=== Begin Enclosure ===
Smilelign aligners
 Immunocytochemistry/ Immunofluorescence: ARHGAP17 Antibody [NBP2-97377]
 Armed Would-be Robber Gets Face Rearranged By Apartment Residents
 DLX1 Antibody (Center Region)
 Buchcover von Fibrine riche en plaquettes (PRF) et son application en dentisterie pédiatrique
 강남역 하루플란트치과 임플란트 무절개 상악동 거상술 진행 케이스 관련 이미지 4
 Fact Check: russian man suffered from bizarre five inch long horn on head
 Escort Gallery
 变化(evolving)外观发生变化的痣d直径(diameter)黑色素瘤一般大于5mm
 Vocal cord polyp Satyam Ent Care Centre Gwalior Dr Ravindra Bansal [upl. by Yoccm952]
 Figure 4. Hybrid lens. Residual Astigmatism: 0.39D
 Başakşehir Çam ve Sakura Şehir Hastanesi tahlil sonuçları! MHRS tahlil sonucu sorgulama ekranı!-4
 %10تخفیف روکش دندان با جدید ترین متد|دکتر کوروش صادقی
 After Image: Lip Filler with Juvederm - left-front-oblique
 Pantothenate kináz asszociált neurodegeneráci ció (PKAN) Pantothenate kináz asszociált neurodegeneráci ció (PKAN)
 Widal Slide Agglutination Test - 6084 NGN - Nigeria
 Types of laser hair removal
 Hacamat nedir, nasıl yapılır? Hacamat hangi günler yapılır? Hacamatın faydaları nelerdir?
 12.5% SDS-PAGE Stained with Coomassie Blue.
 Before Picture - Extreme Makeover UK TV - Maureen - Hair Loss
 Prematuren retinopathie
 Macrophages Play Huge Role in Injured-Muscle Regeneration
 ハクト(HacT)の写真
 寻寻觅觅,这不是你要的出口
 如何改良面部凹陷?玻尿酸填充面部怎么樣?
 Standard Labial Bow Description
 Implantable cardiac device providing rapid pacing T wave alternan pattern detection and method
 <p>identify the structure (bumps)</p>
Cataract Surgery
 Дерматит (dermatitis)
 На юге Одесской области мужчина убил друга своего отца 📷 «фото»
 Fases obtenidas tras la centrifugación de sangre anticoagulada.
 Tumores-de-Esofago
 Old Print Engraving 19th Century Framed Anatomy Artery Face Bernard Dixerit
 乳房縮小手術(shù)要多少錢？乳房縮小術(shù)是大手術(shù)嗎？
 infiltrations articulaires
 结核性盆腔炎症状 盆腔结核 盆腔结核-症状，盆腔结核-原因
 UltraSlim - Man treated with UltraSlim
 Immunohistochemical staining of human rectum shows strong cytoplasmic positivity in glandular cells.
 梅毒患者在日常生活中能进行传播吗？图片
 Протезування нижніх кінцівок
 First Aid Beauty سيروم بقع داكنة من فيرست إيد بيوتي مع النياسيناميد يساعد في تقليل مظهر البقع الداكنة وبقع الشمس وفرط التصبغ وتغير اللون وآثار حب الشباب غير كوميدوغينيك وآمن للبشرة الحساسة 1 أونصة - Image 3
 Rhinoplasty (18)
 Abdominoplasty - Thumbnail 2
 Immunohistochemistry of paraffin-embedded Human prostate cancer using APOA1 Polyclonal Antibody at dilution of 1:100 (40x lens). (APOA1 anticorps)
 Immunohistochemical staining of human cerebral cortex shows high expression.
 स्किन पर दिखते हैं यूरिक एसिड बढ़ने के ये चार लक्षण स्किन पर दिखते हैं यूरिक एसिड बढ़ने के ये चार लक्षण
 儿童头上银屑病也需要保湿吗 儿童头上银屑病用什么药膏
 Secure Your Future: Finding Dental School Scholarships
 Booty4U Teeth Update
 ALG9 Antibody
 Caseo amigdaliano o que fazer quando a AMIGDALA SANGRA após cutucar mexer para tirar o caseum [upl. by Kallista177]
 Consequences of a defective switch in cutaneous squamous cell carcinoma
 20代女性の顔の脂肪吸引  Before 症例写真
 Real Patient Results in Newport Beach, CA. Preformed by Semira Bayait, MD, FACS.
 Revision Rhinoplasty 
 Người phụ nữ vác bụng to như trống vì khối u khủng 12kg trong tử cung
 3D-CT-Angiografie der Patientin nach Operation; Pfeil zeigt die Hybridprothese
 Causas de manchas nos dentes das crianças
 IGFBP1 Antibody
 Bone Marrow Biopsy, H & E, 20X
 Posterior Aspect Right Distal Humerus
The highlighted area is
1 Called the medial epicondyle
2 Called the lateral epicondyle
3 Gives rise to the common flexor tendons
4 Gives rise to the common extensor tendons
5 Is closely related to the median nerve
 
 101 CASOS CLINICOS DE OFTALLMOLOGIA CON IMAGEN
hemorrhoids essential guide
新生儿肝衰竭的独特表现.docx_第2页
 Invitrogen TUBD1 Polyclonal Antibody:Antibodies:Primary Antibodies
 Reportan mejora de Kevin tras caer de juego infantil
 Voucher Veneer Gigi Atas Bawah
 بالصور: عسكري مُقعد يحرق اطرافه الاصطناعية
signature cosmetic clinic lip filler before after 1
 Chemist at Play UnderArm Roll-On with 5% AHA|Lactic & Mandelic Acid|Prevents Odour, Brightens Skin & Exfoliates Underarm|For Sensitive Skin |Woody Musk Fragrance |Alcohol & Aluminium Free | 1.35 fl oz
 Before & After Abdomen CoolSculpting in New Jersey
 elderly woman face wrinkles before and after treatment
=== End Enclosure ===
Task - Return each line from the entries above that includes "with".

Solution to this task -
 After Image: Lip Filler with Juvederm - left-front-oblique
 12.5% SDS-PAGE Stained with Coomassie Blue.
 UltraSlim - Man treated with UltraSlim
 Chemist at Play UnderArm Roll-On with 5% AHA|Lactic & Mandelic Acid|Prevents Odour, Brightens Skin & Exfoliates Underarm|For Sensitive Skin |Woody Musk Fragrance |Alcohol & Aluminium Free | 1.35 fl oz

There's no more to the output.